As I told you when I preached at last month’s Choral Evensong, I never look at the assigned scriptures until after I’ve accepted an invitation to preach.  This time, when I turned to the Revelation to John in the back of my Bible and found the 21st chapter, the text literally leapt from the page in song.  As many of the choristers here may remember, we sang this text two years ago in Edgar Bainton’s sublime anthem entitled, And I Saw a New Heaven. I discovered last week that I didn’t need to read this text, because I sit there and listen to  Ben’s plaintive tenor singing in my mind’s ear“…and God shall wipe away all tears from their eyes.”  And I could hear Bob’s deep bass voice climbing up the scale “…and I heard a great voice out of heaven saying…” and the, entire choir joined in, swelling with fierce joy proclaim “...behold! the tabernacle of God is with men…

The experience of rehearsing that anthem within this choir’s worship community was an important step in my spiritual journey.
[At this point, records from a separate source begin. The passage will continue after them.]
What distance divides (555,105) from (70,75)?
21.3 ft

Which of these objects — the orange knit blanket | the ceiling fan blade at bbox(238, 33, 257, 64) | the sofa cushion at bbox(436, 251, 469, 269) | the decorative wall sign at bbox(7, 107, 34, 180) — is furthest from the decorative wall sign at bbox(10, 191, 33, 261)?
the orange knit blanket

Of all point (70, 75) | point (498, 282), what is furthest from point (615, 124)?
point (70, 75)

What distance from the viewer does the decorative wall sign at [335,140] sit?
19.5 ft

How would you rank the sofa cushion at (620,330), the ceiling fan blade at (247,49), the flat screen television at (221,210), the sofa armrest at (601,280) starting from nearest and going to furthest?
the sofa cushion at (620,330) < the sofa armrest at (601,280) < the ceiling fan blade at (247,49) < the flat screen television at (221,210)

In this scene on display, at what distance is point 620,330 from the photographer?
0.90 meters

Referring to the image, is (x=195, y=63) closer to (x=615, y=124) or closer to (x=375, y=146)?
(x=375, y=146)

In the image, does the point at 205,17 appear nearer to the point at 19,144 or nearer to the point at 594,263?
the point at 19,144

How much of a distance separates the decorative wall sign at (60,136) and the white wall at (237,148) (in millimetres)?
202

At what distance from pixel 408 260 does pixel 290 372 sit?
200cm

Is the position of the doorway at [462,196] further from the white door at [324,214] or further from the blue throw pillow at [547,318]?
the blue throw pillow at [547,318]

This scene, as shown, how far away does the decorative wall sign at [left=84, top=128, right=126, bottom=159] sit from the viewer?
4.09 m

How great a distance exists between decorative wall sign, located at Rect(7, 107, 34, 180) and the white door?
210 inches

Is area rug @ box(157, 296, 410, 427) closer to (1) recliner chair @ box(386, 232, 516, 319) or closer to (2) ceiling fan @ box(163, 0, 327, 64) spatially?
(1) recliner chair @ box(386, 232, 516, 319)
It helped me heal my long-damaged relationship with the book of Revelation.  You see, for me…for many people…and perhaps even for some of you here in this room…Revelation is a difficult book.

I spent years trying to side-step Revelation.  Why?  Because in 1974, when I was 14, I encountered a low-budget film that played in high school auditoriums and church camps across the Midwest.  It was called A Thief in the Night.   Drawn loosely from verses in 1 Thessalonians, Revelation, and other scripture passages, the film introduced me to something called the “Rapture.”  It scared me to death and for years thereafter my relationship with the book of Revelation—and perhaps even with God—was uneasy at best.

Rapture Theology traces its origins to a vision experienced in 1830 by a Scottish teenager, named Margaret McDonald. John Nelson Darby, an evangelical preacher, aggressively marketed this young girl’s vision and passages from the Revelation to John figured prominently among the Bible verses he used to support his views.  According to Rapture theology, this world is irredeemably evil and God is largely removed from this earth.  Christ is expected to return for just an instant to catch up—or rapture—believers out of this earth before unleashing unparalleled waves of violence and destruction. 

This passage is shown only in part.